Hidup sejahtera nampaknya hanya akan menjadi angan-angan belaka. Pasalnya, dengan iklim ekonomi seperti saat ini, untuk sekedar memenuhi kebutuhan pangan yang layak, merupakan beban tersendiri bagi kaum menengah.  Dikutip dari Muslimahnews.com, pemenuhan pangan masyarakat belum merata karena sebagian masyarakat masih sulit mengaksesnya. Seperti ditemukannya warga Suku Anak Dalam yang mengalami kesulitan pangan berminggu-minggu, hingga terpaksa memakan makanan yang tidak sewajarnya (Muslimahnews.com, 3/12/19).
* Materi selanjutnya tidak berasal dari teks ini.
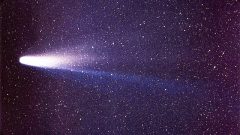 Halley's Comet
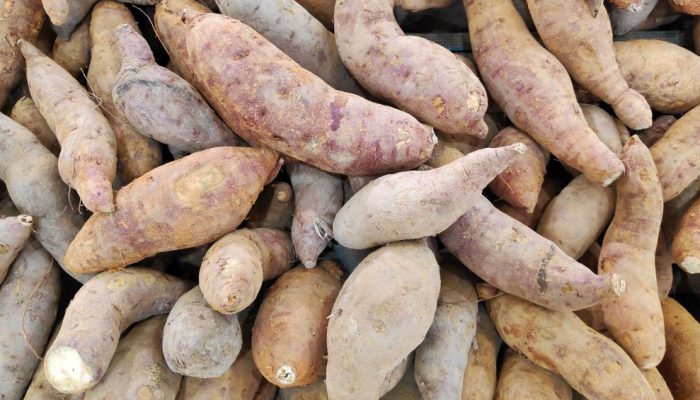 Chá da casca de batata-doce: descubra se tem benefícios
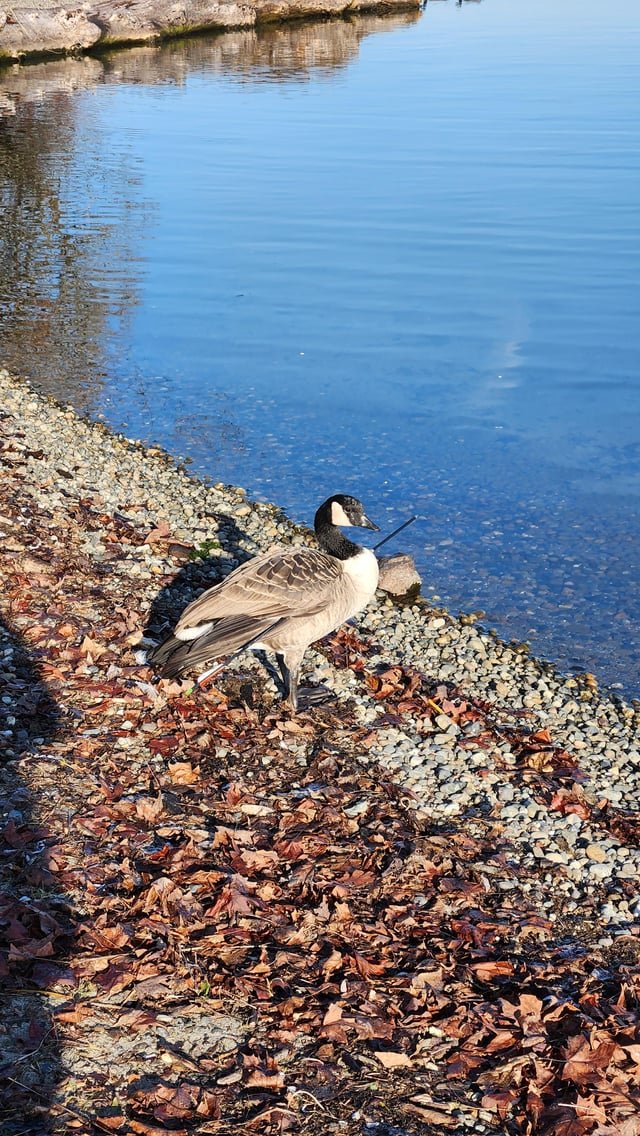 Goose shot with an arrow at Lake Washington. Anybody able to transport?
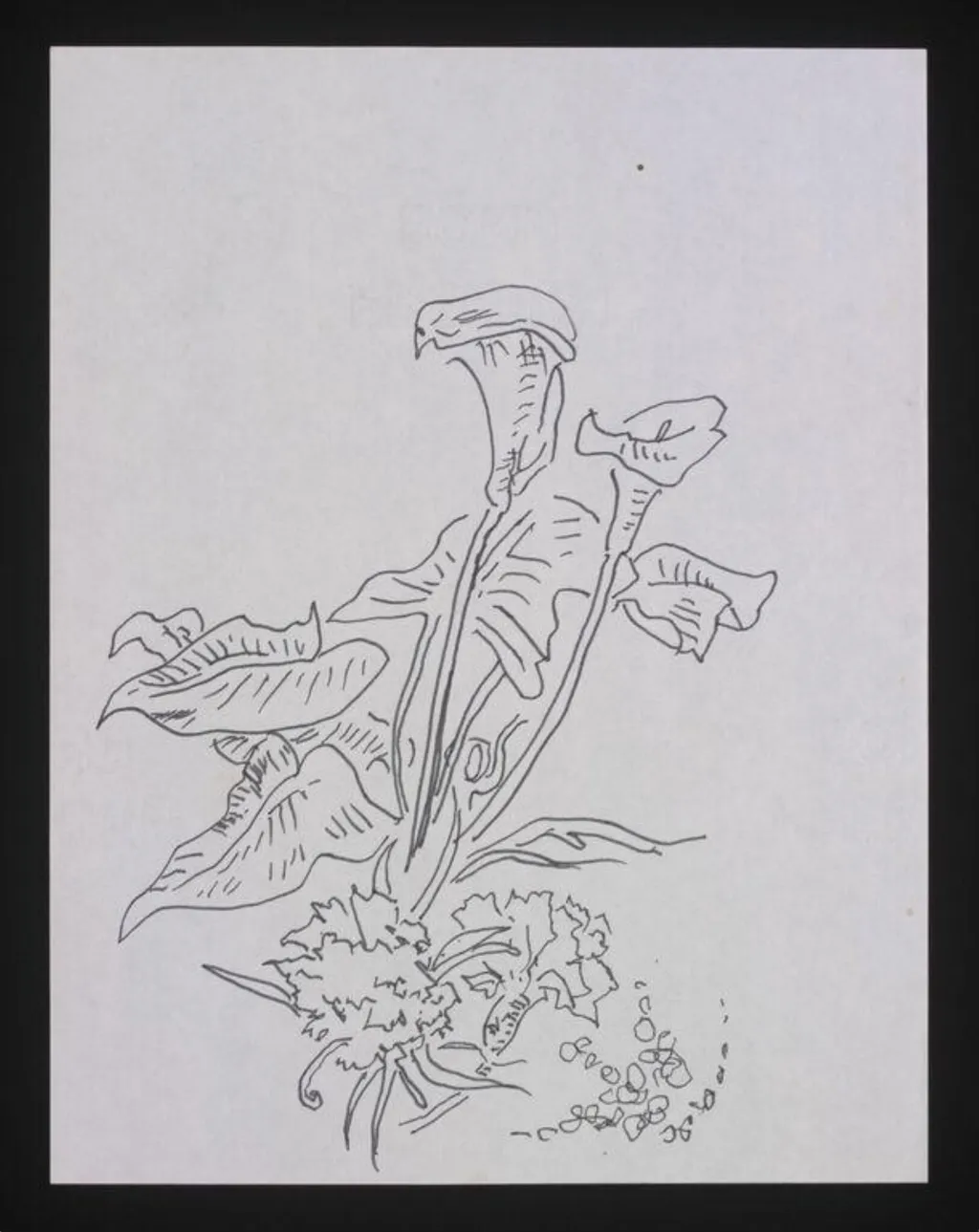 Drawing, by Cecil Beaton, 1950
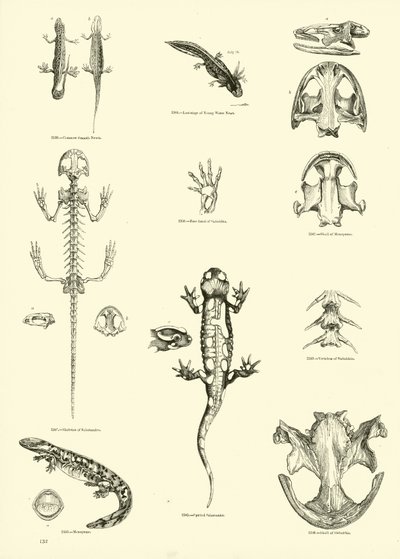 Pagina uit Het Picturale Museum van Geanimeerde Natuur door English School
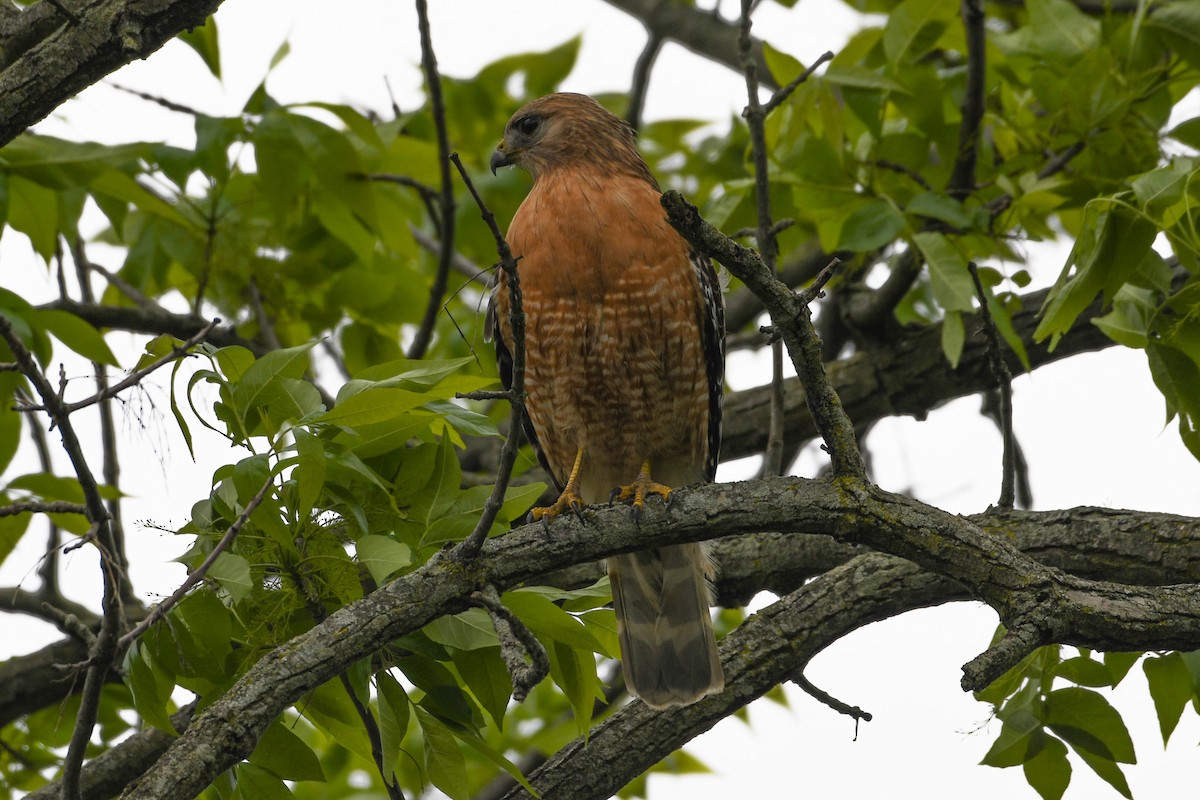 Red-shouldered Hawk - Jessica Coss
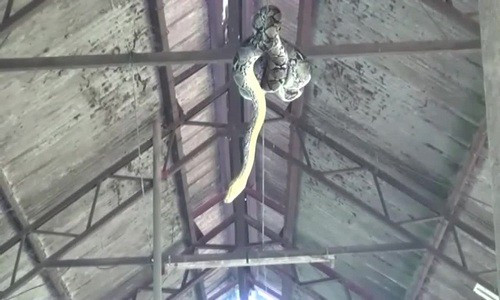 Rùng mình cảnh trăn 3,5 mét đu trên xà ngang rình bắt đàn lợn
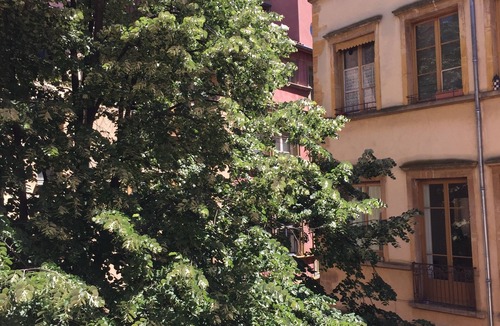 Les Cordeliers Apartment | Au Coeur du Vieux Lyon, Studio Lumineux et Cosy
Masih berdasarkan sumber yang sama, disebutkan bahwa terdapat 88 daerah (sekitar 7 juta jiwa) yang mengalami rawan pangan karena rendahnya akses terhadap pangan. Bahkan laporan ADB menyebut 22 juta warga Indonesia masih mengalami kelaparan kronis. Besar kemungkinan fakta di lapangan masih jauh lebih banyak lagi dari data yang terungkap. Fakta tersebut mungkin hanya sebagian kecil saja dari fakta-fakta yang tidak diketahui media.
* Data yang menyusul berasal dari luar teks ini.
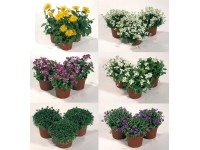 Polsterstauden-Mix verschiedene Sorten Topf Ø 11 cm / Höhe 11 cm / 1 Stk.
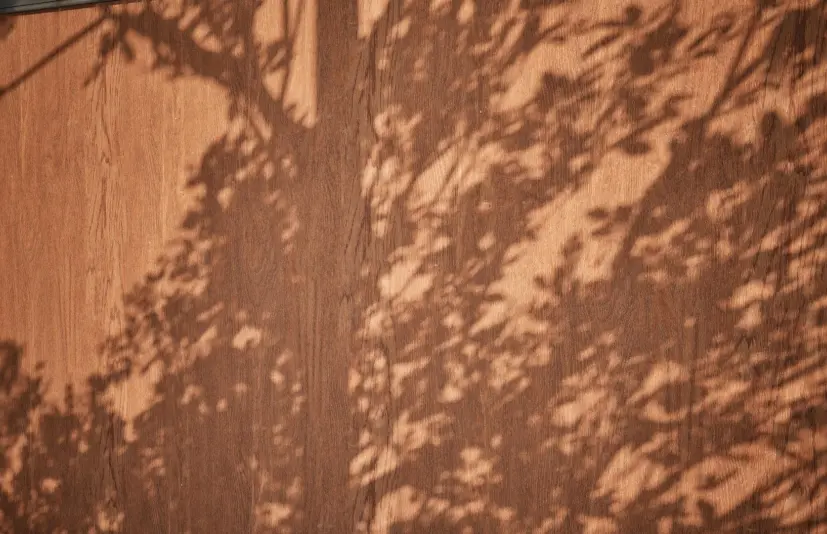 木材01 - 扫描摄影测量材料 - Wood 01 - Scanned Photogrammetry Materials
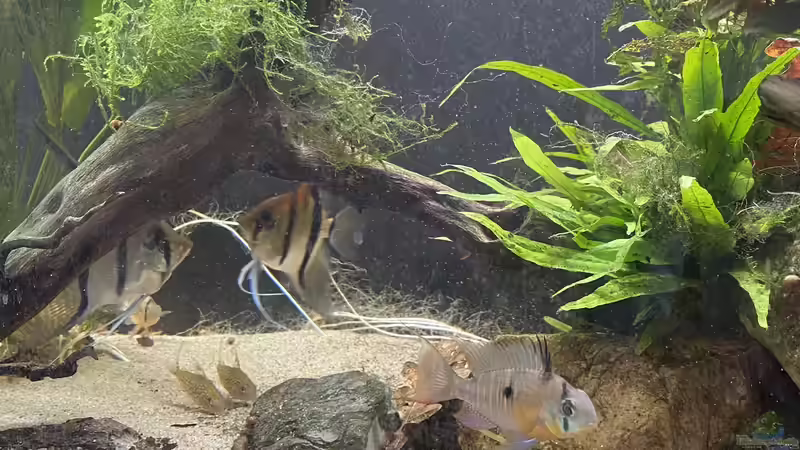 Aquarium Juwel Rio 450 von Mika (2)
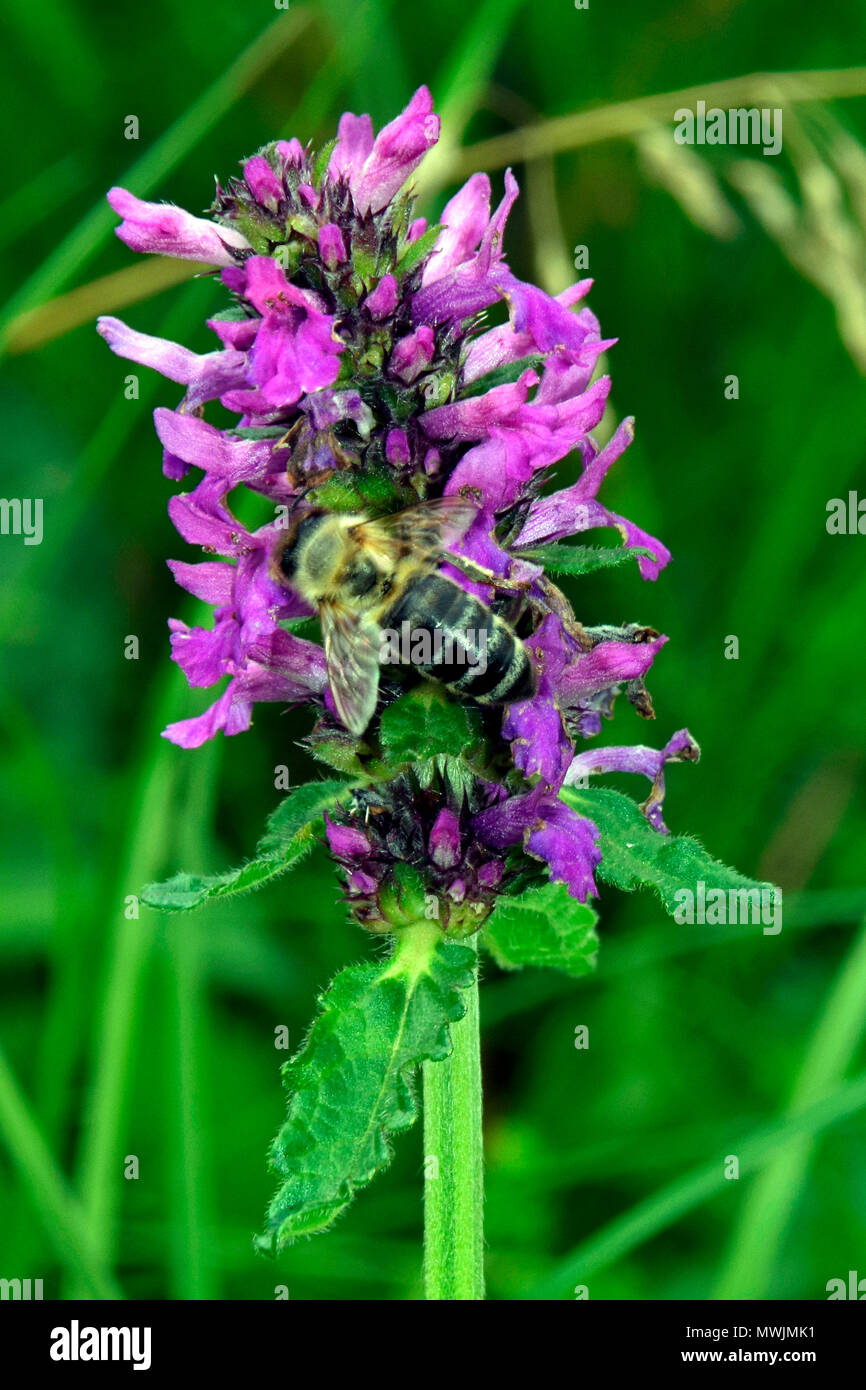 Vue rapprochée d'une collecte de nectar abeille sur une ortie-morts violet Banque D'Images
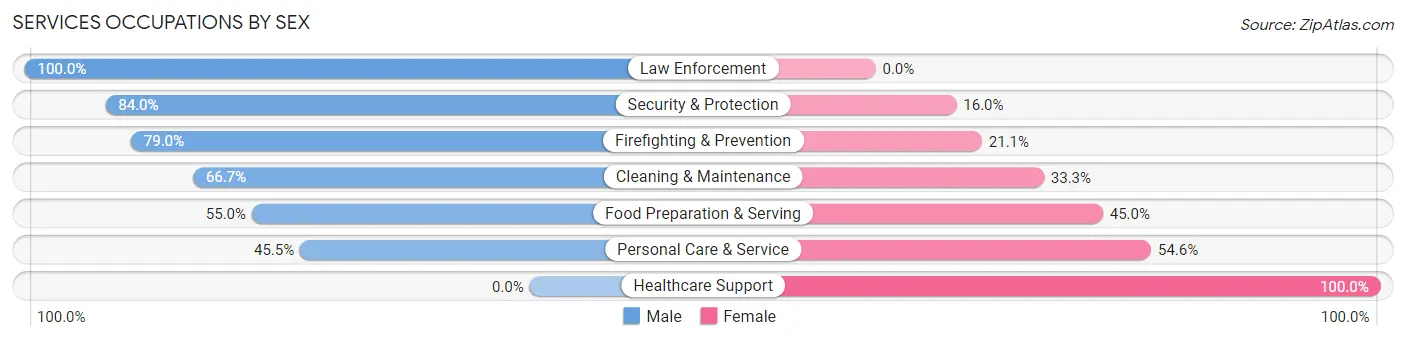 Services Occupations by Sex in Lake George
Maraknya berbagai isu kekurangan pangan di masyarakat rupanya tidak membuat hati nurani pemerintah 'trenyuh'. Alih-alih membuat kebijakan agar pangan lebih mudah diakses oleh masyarakat hingga ketahanan pangan bisa tercapai, malah tersiar kabar bahwa Bulog akan melakukan disposal cadangan beras pemerintah (CBP) sebanyak 20.000 ton karena usia penyimpanannya telah lewat setahun. Kerugian akibat pembuangan ini kira-kira mencapai Rp160 M (Muslimahnews.com, 3/12/19). Sungguh bukan angka yang sedikit. Bisa kita bayangkan, seandainya 20.000 ton beras tersebut dapat tersalurkan dengan baik, ada berapa banyak masyarakat yang terselamatkan dari jerat kekurangan pangan. Namun kenyataannya, pemerintah seolah abai dengan hal tersebut.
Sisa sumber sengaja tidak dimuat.